Opinion
No. 7722.
May 12, 1958.
Schwab Carr, Don Burrell, Springfield, for relators.
Allen, Woolsey Fisher, Springfield, Theodore Scott, Buffalo, for respondents.
Relators have filed their petition for the issuance of an original alternative writ of mandamus directed to the respondents, who constitute the Board of Directors and the Clerk of Reorganized School District R-3 of Weaubleau, Hickory County, Missouri. The order sought is one commanding the calling of an election (with proper posting of notices) to determine a change in boundary as proposed by a petition signed by more than ten qualified voters and taxpayers of such district, in accordance with the provisions of sec. 165.294, V.A.M.S., Laws of 1955, p. 528. The petition recites that relators have no adequate remedy at law, but makes no allegation as to whether relief has been sought in the circuit court, or if not so sought whether the judge of that court is prejudiced or interested, or otherwise why adequate relief could not have been afforded in that court.
We have jurisdiction to issue remedial writs of this character. Constitution, Art. 5, sec. 4, V.A.M.S.; State ex rel. Dahm v. Goodin, Mo.App., 295 S.W.2d 600. The issuance depends upon sound judicial discretion, exercised with judicial self-restraint. 55 C.J.S. Mandamus § 314 p. 551; Houts, Missouri Pleading and Practice, vol. 4, Mandamus, sec. 1093, pp. 270, 271; State ex rel. Fielder v. Kirkwood, 345 Mo. 1089, 138 S.W.2d 1009. Once issued it is a cast iron and unreasoning writ. Hence it is reserved for extraordinary emergencies and it does not issue where the right is doubtful or there is other adequate remedy. State ex rel. Horton v. Bourke, 344 Mo. 826, 129 S.W.2d 866; State ex rel. Cook v. Kelly, Mo.App., 142 S.W.2d 1091; State ex rel. Schulz v. Fogerty, Mo.App., 195 S.W.2d 908, 911.

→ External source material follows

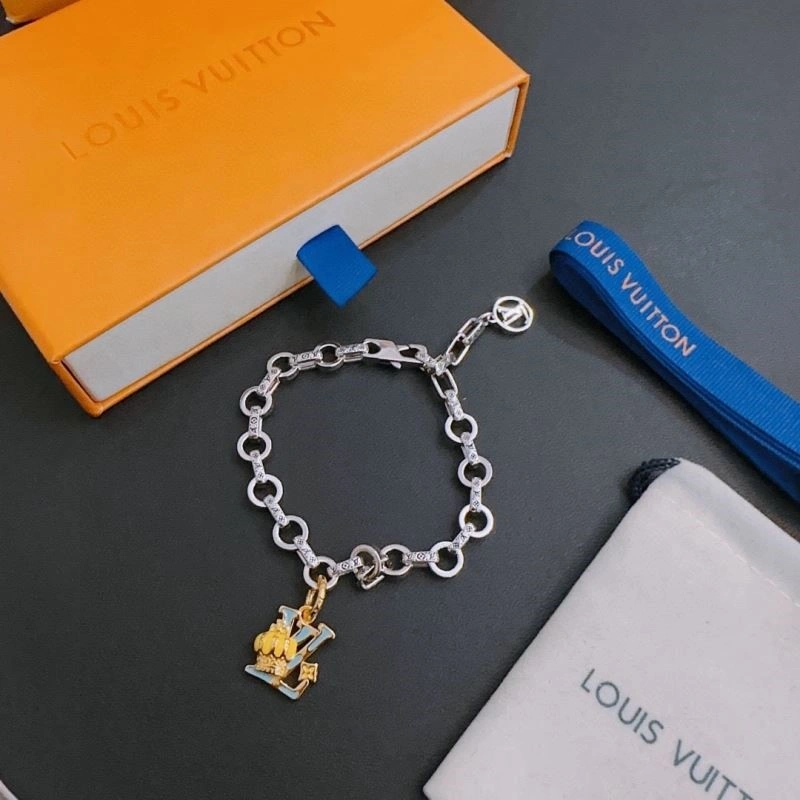 Louis Vuitton Bracelets Trendy 249621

We are governed by the Supreme Court rules for practice and procedure in the Supreme and appellate courts, 42 V.A.M.S., and under sec. 1.23 of such rules it is provided that no original remedial writ, except habeas corpus, will be issued by the court in any case wherein adequate relief can be afforded by an appeal or by application for such writ to a lower court. This rule, of course, is not absolute and is waived in event of great urgency for an early determination or public importance. Stemmler v. Einstein, Mo., 297 S.W.2d 467; State ex rel. Cole v. Matthews, Mo., 274 S.W.2d 286. The reasons for the rule lie in the settled law and custom that there must be a strong and special reason for the exercise of this original jurisdiction by a court designed primarily as a court for correction and appellate review of errors of inferior courts (34 Am.Jur., Mandamus, sec. 22, p. 821; 21 C.J.S. Courts § 312 pp. 563, 564; see Ferris, Extraordinary Legal Remedies, sec. 221, p. 257, et seq.), both for the reason that questions of fact may be involved and a proper determination of facts can usually be made more satisfactorily and with less expense to all the litigants in the circuit court than in the appellate court, where the machinery for the taking and preservation of evidence is not as convenient (State ex rel. Parker-Washington Co. v. Jones, 142 Mo. 354, 44 S.W. 224; see State ex rel. Schierberg v. Green, 1 Mo.App. 226, 227), and in the desire to treat all litigants with equality so that one may not, by unnecessary resort to extraordinary writ, secure a place upon the docket ahead of others who have come here by ordinary process. State ex rel. Hopkins v. County Court of Cooper County, 64 Mo. 170. Setting aside writs of habeas corpus into a special class, we think that when an original remedial writ is applied for in appellate court it should be shown in the petition, or by affidavit accompanying it, whether application has been made to the circuit court, or, if not, why such application would not in all probability have accomplished the relief sought. The issuance or denial of the alternative writ will be determined from an examination of the petition and the accompanying papers, and it is good practice to file, and the court is always grateful for, written suggestions of counsel. See State ex rel. Tate v. Sevier, 334 Mo. 771, 68 S.W.2d 50, 53.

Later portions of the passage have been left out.